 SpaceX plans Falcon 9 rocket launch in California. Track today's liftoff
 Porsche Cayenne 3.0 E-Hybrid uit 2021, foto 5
_ _ _
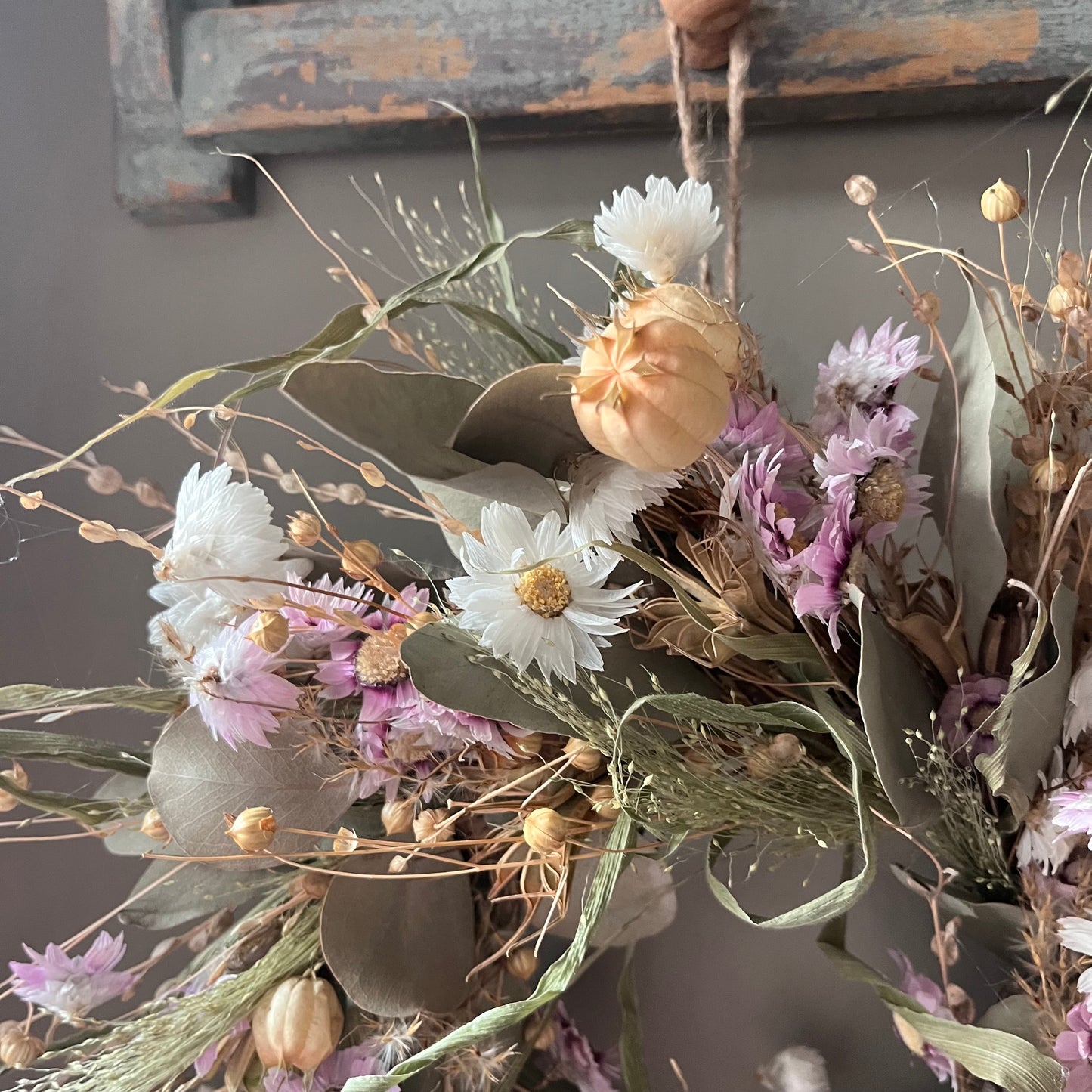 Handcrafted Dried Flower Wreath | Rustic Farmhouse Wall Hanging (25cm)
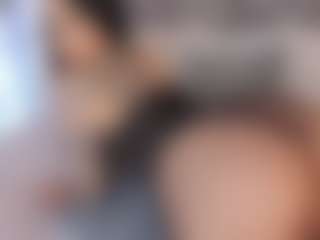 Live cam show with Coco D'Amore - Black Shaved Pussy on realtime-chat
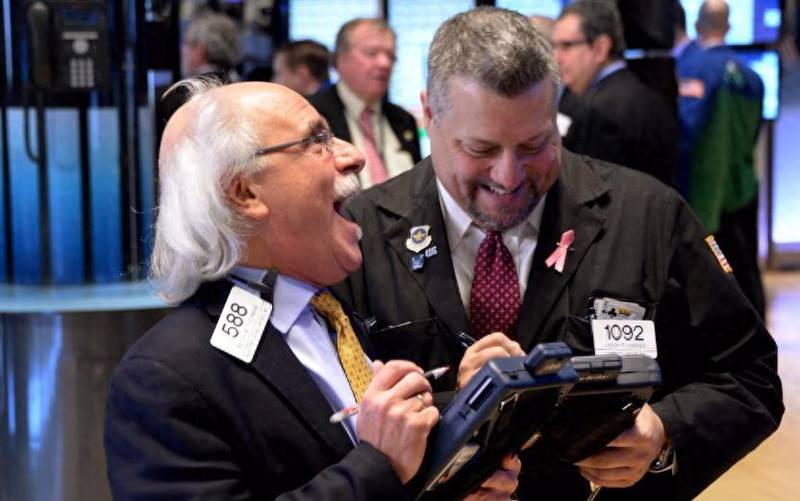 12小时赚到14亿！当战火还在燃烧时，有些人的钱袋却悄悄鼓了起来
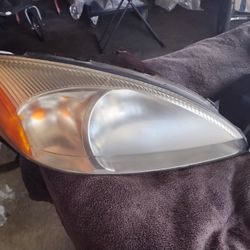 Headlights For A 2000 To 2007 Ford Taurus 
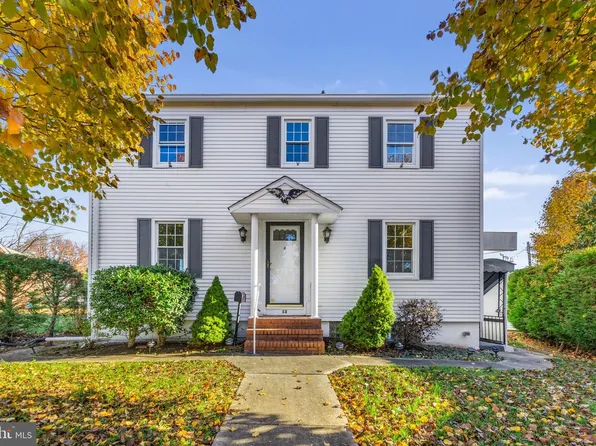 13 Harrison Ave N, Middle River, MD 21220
_ _ _
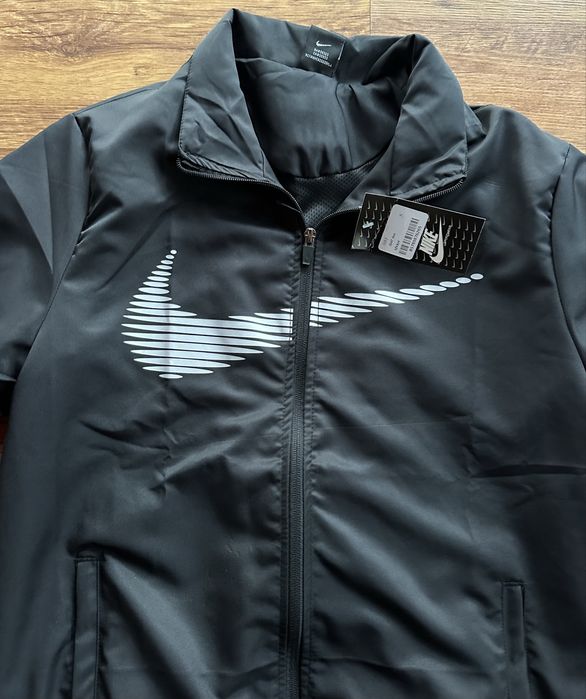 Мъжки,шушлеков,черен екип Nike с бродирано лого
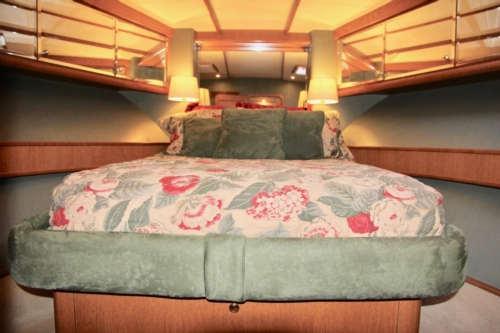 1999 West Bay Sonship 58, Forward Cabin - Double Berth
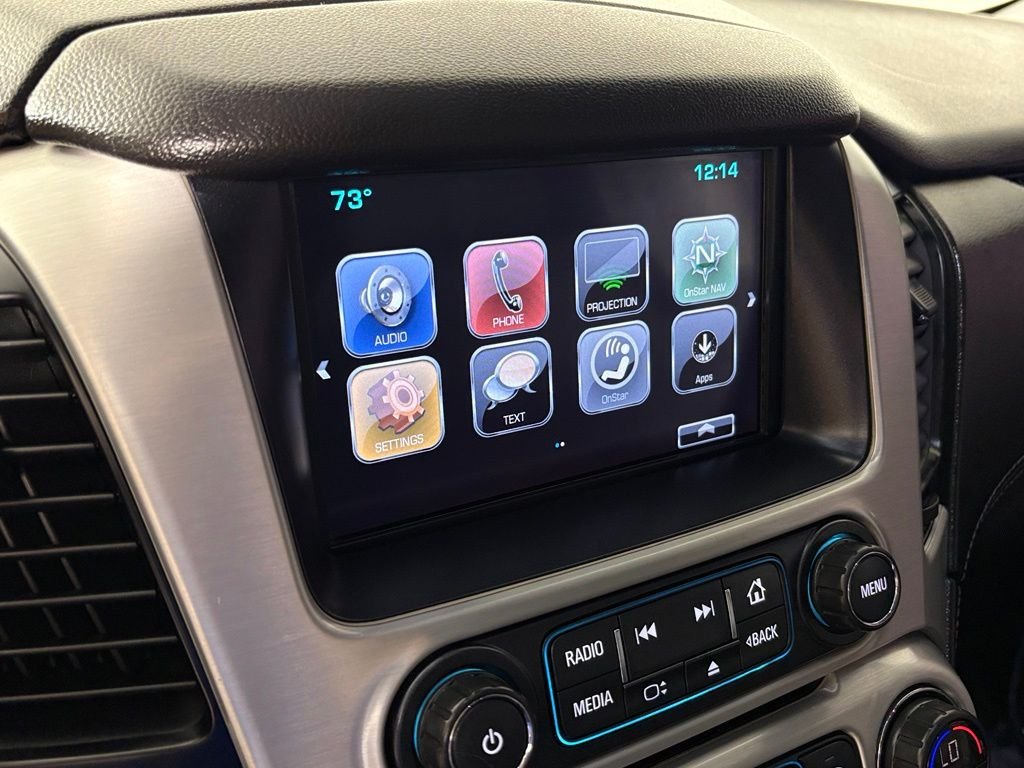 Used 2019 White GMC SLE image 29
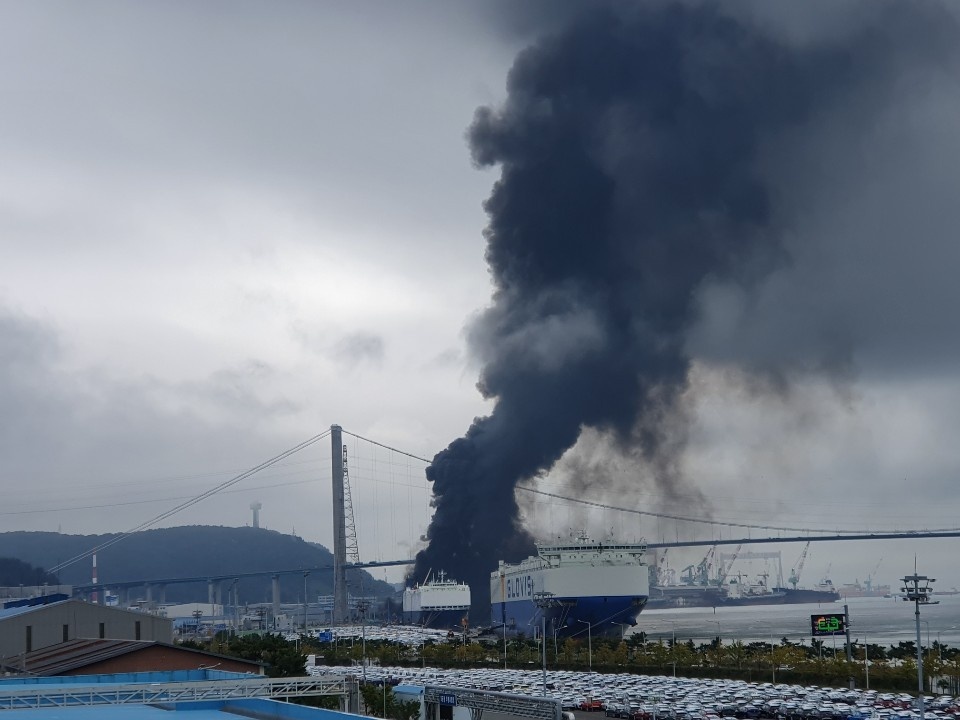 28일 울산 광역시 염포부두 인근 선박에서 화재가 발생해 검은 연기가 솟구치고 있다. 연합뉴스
_ _ _
Task goal:
Using the records above, copy word for word the line with "SpaceX plans Falcon", the line with "Porsche Cayenne 3.0", and every line between them.

Response box:
 SpaceX plans Falcon 9 rocket launch in California. Track today's liftoff
 Porsche Cayenne 3.0 E-Hybrid uit 2021, foto 5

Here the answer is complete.